══ DATASET EXCERPT
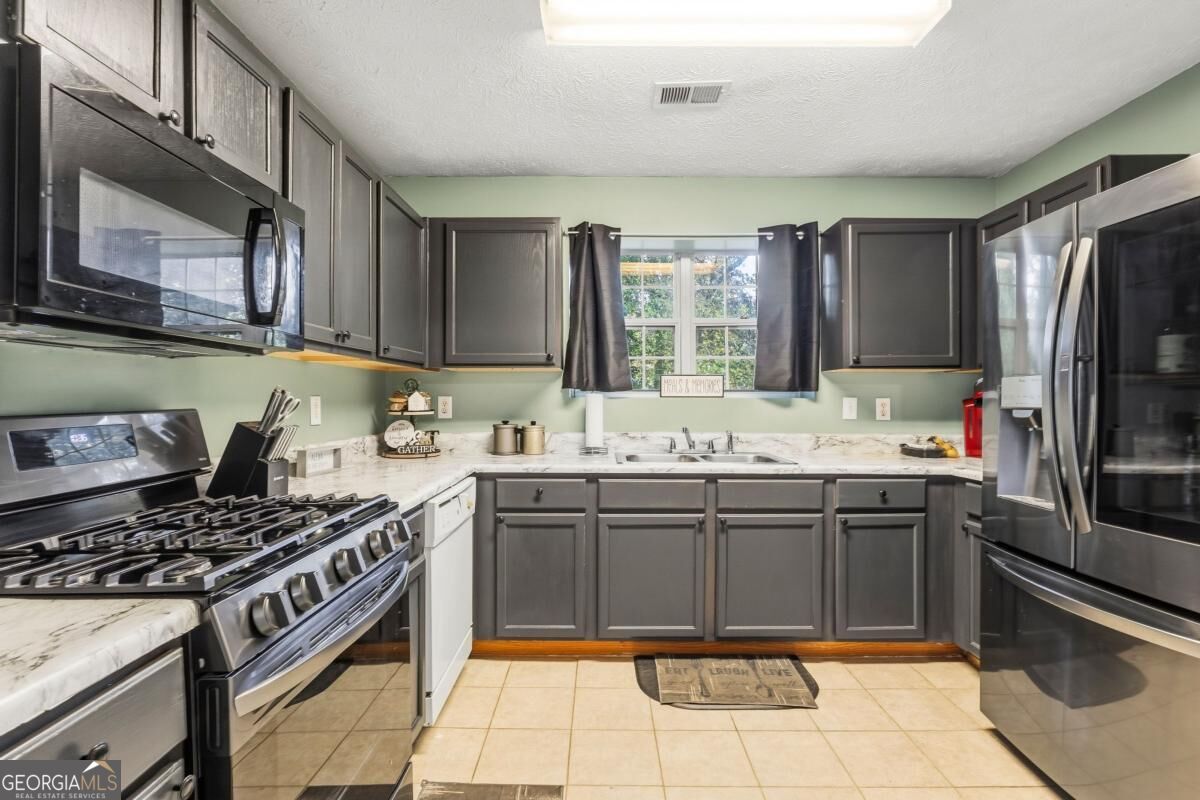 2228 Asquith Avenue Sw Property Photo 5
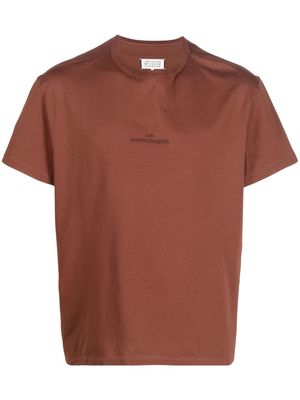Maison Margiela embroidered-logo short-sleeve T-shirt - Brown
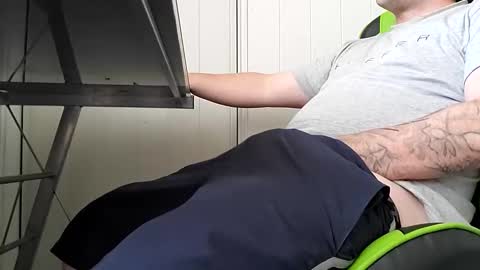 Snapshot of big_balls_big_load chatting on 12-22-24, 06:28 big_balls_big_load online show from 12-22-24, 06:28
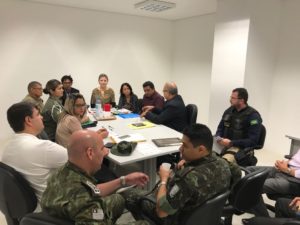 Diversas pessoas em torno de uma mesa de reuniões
════
§ INSTRUCTIONS FOR THE TASK:
Would you write out the material above in full, exactly as given, except for its pictures?

§ SOLUTION TO THIS TASK:
 2228 Asquith Avenue Sw Property Photo 5
Maison Margiela embroidered-logo short-sleeve T-shirt - Brown
 Snapshot of big_balls_big_load chatting on 12-22-24, 06:28 big_balls_big_load online show from 12-22-24, 06:28
 Diversas pessoas em torno de uma mesa de reuniões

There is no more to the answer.